PS: The output is too long that bash screen cannot fit in

This command searches for all files in the current directory and their children directories to see if any files have a size under 10 megabytes. It looks like all files in here have size of less than 10 megabytes hence their paths are the output.

This command is useful because sometimes we watch to filter out files that have a size that is less than a certain threshold, and with this command we can specify a size so we can look over files more efficiently.

Option: -mtime

This option searches for the files that match the criteria regarding the file’s modification time.

Example 1:

find -mtime -3

Part 2 Example 1

This command searches for all files in the current directory and their children directories to see if any file has modified time of 3 days ago or more recent. Since I IDE added these files 2 days ago when I opened it while I cloned this entire project 4 days ago, only these files created by my IDE are returned as output.

This command is useful because we sometimes want to find files we have been recently edited, which can help us navigate to a certain set of files more effectively.

Example 2:

find -mtime +1 -mtime -5

Part 2 Example 2

This command searches for all files in the current directory and their children directories to see if any file has modified time of between 1 day and 5 days. Since I cloned this project 4 days ago, all the project files are matching this criteria therefore it’s returning all files as output (even including .git files, wow!)

This command is useful because we sometimes want to find files that have a modified time within a certain range, which can help us navigate to a certain set of files more effectively.

Example 3:

find -mtime +100

Part 2 Example 3

This command searches for all files in the current directory and their children directories to see if any file has modified time of 100 days ago or older, since none of the files match this criteria, nothing is returned as output.

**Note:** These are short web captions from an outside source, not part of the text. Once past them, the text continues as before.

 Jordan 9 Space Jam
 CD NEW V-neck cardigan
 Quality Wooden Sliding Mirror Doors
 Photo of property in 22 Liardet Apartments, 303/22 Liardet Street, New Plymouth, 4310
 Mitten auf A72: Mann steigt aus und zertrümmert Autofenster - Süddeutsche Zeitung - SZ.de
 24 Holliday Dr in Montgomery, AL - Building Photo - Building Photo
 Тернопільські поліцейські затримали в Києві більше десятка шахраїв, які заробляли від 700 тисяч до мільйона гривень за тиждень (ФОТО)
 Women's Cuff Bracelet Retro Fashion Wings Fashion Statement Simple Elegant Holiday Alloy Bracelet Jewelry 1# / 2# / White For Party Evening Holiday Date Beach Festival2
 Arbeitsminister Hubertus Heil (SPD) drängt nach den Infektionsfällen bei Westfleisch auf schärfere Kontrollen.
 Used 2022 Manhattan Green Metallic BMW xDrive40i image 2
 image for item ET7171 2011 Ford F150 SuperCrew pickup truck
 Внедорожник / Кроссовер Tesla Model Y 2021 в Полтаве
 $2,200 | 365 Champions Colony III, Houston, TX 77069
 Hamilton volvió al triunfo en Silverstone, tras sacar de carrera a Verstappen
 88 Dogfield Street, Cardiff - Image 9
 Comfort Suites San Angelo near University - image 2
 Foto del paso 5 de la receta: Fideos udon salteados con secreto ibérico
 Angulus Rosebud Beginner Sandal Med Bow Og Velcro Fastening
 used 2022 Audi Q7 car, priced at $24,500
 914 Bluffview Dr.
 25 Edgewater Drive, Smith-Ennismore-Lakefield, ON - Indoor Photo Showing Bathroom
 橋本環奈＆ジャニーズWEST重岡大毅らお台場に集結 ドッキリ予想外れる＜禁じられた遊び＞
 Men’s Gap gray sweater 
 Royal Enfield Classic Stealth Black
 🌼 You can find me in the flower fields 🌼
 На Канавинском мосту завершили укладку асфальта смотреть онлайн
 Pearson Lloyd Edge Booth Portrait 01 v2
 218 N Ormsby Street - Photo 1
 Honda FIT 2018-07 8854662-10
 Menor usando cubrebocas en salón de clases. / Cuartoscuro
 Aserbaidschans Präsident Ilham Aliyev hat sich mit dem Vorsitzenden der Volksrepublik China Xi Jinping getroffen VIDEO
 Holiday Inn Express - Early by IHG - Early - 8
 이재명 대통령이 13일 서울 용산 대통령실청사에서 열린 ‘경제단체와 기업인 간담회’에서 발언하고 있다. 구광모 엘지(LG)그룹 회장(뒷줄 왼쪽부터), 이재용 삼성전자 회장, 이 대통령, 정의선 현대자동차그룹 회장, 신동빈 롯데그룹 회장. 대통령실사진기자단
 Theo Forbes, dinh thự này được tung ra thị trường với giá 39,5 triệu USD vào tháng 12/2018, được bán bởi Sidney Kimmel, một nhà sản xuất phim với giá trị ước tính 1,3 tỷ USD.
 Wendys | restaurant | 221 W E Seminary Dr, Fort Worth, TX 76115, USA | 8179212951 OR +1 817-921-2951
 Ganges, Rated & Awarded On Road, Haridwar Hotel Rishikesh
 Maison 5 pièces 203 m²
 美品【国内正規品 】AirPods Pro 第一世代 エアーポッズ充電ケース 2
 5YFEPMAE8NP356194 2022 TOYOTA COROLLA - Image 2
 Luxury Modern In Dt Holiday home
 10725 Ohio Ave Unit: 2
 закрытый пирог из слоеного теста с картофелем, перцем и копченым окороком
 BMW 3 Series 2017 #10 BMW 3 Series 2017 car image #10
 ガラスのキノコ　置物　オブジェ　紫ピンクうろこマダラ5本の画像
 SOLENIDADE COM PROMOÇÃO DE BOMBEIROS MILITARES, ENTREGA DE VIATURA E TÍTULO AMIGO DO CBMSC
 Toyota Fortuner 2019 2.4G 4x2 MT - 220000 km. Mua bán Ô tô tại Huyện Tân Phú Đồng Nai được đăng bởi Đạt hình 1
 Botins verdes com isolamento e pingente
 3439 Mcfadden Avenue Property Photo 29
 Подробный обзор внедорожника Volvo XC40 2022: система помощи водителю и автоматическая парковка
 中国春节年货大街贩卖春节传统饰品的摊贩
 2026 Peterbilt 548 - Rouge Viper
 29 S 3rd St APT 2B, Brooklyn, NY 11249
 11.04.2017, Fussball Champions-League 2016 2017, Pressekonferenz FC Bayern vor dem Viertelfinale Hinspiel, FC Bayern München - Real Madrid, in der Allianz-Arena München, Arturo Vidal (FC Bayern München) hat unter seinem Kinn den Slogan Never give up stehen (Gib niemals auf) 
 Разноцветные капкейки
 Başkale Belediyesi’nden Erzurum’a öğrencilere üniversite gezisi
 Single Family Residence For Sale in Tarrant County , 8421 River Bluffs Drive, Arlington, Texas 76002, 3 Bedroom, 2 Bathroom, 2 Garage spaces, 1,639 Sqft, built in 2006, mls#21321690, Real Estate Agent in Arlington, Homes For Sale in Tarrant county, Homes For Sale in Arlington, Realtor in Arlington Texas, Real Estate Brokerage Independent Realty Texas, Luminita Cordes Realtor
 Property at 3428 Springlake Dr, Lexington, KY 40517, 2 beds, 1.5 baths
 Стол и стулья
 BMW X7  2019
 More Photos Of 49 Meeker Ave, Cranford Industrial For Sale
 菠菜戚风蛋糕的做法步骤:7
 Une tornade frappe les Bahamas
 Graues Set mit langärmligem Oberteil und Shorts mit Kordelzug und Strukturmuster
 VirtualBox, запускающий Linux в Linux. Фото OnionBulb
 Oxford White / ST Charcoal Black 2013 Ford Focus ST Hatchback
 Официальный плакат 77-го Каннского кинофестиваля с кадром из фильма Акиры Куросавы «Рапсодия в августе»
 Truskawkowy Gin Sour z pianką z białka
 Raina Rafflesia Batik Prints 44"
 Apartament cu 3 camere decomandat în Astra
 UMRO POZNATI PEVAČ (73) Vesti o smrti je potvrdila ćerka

This command is useful because we sometimes want to find files that have a modified time that is older than a certain value, which can help us navigate to an older set of files more effectively.

Option: -iname

This option searches for the files that match the criteria regarding the file’s names, it matches the names case insensitively.

Example 1:

find -iname "*cHaPtEr*.txt"

Part 3 Example 1

This command searches for all files in the current directory and their children directories to see if any file has name that contains “chapter” case insensitively. Since only files in 911report folder have names that contain “chapter”, these files are turned as output.

This command is useful because sometimes we don’t know the files’ name cases, only “roughly what they spell like”. With case-insensitive searching we can search these files more effectively.

Example 2:

find -iname "*213x*.txt"

Part 3 Example 2

This command searches for all files in the current directory and their children directories to see if any file has name that contains “213x” case insensitively. Since there are files in biomed folder that have names like 213X they will match the criteria because of the case insensitivity.

This command is useful because sometimes we don’t know the files’ name cases, only “roughly what they spell like”. With case-insensitive searching and wildcard matching we can search these files more effectively by searching for files that have names which contain such pattern case insensitively.

Example 3:

find -iname "*1*"

Part 3 Example 3

This command searches for all files in the current directory and their children directories to see if any file has name that contains “1” case insensitively (and including file extensions!). This is effectively same as without -iname option because case does not matter when it comes to numbers only. If you use this command in this case, without -iname tag, it’ll return the exactly same result.

This command is useful because sometimes we don’t know the files’ name cases, only “roughly what they spell like” and we sometimes can even forget about these files’ extensions. With case-insensitive searching and wildcard matching we can search these files more effectively by searching for files that have names which contain such pattern case insensitively, regardless of extension.